For her series, "The Omega Suites," created between 1991 and 1997, Devlin exploits the emptiness of the spaces so that the viewer can more easily populate them. She says she wanted the viewers to imagine themselves inside the photographs — "To become the condemned, the executioner, the witness."
Devlin puts a lot of thought into the shifty wordplay of her series titles, but this one was borrowed from the assistant warden at the Territorial Correctional Facility in Cañon City, Colorado. "It was a perfect reference for a project depicting numerous execution chambers and holding cells, where the final event in a condemned person's life takes place," she says.

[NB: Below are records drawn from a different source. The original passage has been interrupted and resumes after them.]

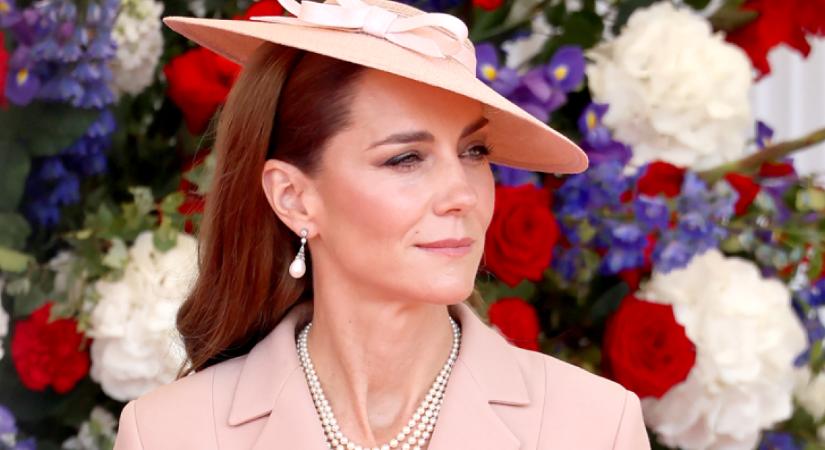 Különleges ajándékkal készül Katalin hercegné születésnapjára Károly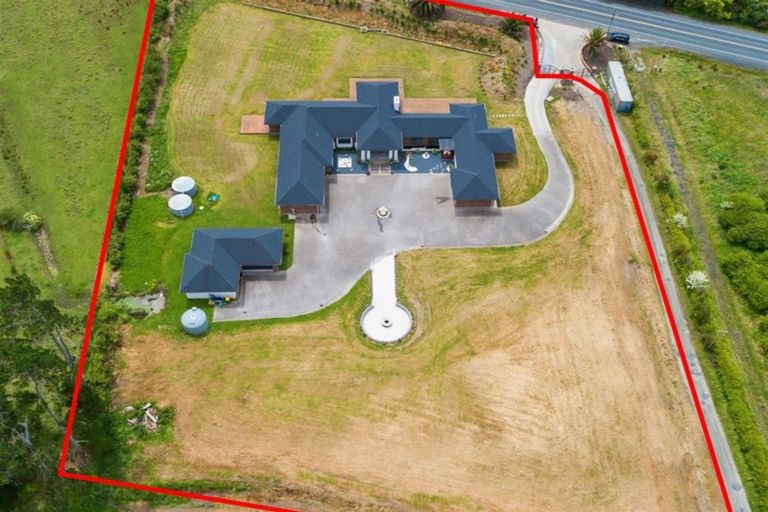 Photo of property in 1005a Dairy Flat Highway, Dairy Flat, Albany, 0792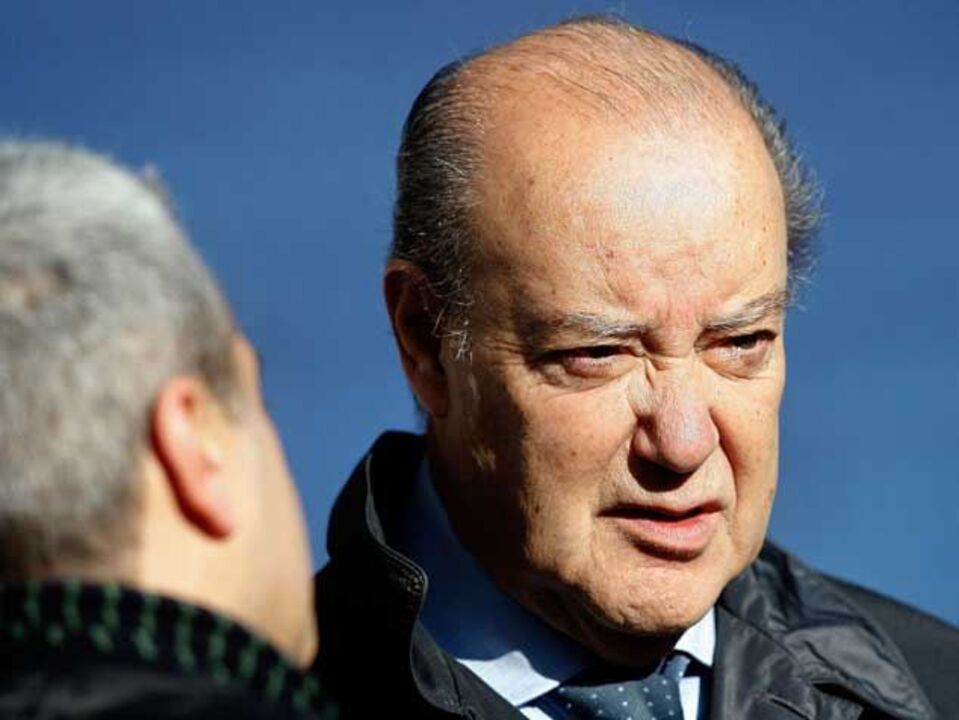Pinto da Costa: «Ainda não rescindi com Vítor Pereira»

"The Omega Suites" are bleak rooms of cold utility, barren of comforts and natural light, but not without their fascinating oddities. The wood-paneled and carpeted lethal injection chamber at Idaho State Penitentiary is anomalous amid so many other images of rooms that read as clinical or definitely part of the clinker. One striking image that stands out from the rest depicts the blocky, bright yellow electric chair of Alabama's Holman Unit.
Prison staff told Devlin the chair had been built by an inmate using available materials, "but even more extraordinary is the fact that within the prison, the chair was referred to as 'The Yellow Mama,'" she says. "How could an apparatus used to kill people be paired with a mother image — one which is nurturing and brings forth life?"
She calls this particular photographic experience "the most horrendous of all" — shot on a sweltering day in the Deep South, she noted the irony of a fan sitting on the floor. She says: "What's the fan's purpose? To cool someone who is about to be executed?"